Egypt's military rulers invited parliament's two houses to convene on Saturday to elect an assembly tasked with writing the country's first constitution since the overthrow of Hosni Mubarak.
A tug-of-war has already begun over the shape of the future document that will define the balance of power between the army-backed executive and parliament, which wants to curb broad presidential powers.
Under an interim constitution, parliament is responsible for picking the 100-strong assembly that will write the new constitution to replace the one that helped keep Mubarak in power for three decades.
Political parties, led by the Muslim Brotherhood's Freedom and Justice Party which emerged as a key player in the new parliament, have already been in talks over the make-up of the constituent assembly.
The parliamentary vote for the upper house finished last week, concluding the first elections since the popular uprising toppled Mubarak a year ago.
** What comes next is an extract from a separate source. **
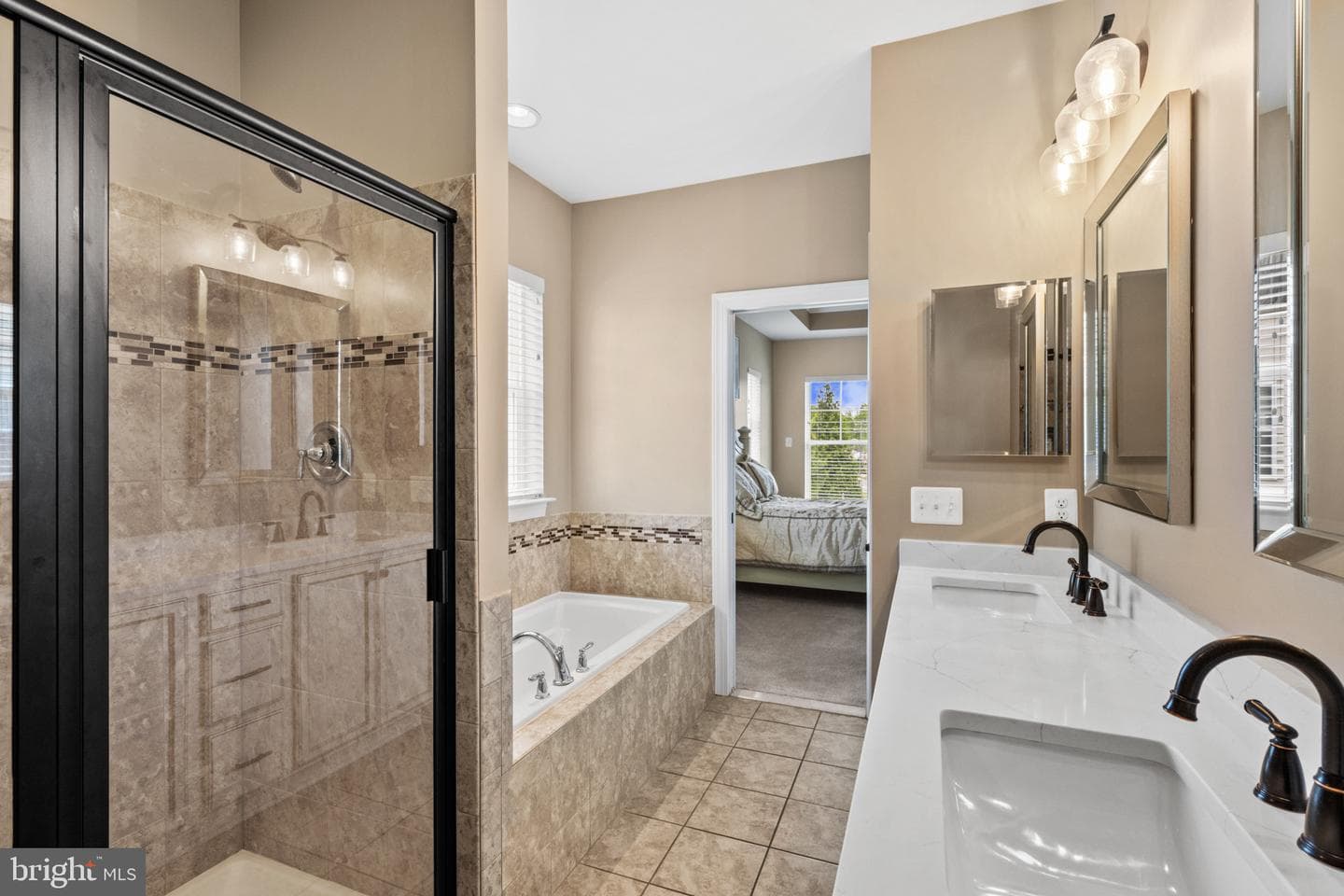 9736 Cross Road photo 20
The earlier lower house election, which started in November, saw an unprecedented turnout and was hailed as Egypt's most democratic since military officers overthrew the king in 1952.
But an Egyptian court ruled last week that the voting system that elected the new parliament was unconstitutional, creating a fresh source of uncertainty which could hold up the functioning of the new legislature.
It is not clear whether the 100 members of the assembly will be selected just from parliament.
Under the expected arrangement, the assembly will include legal experts as well as members of parliament.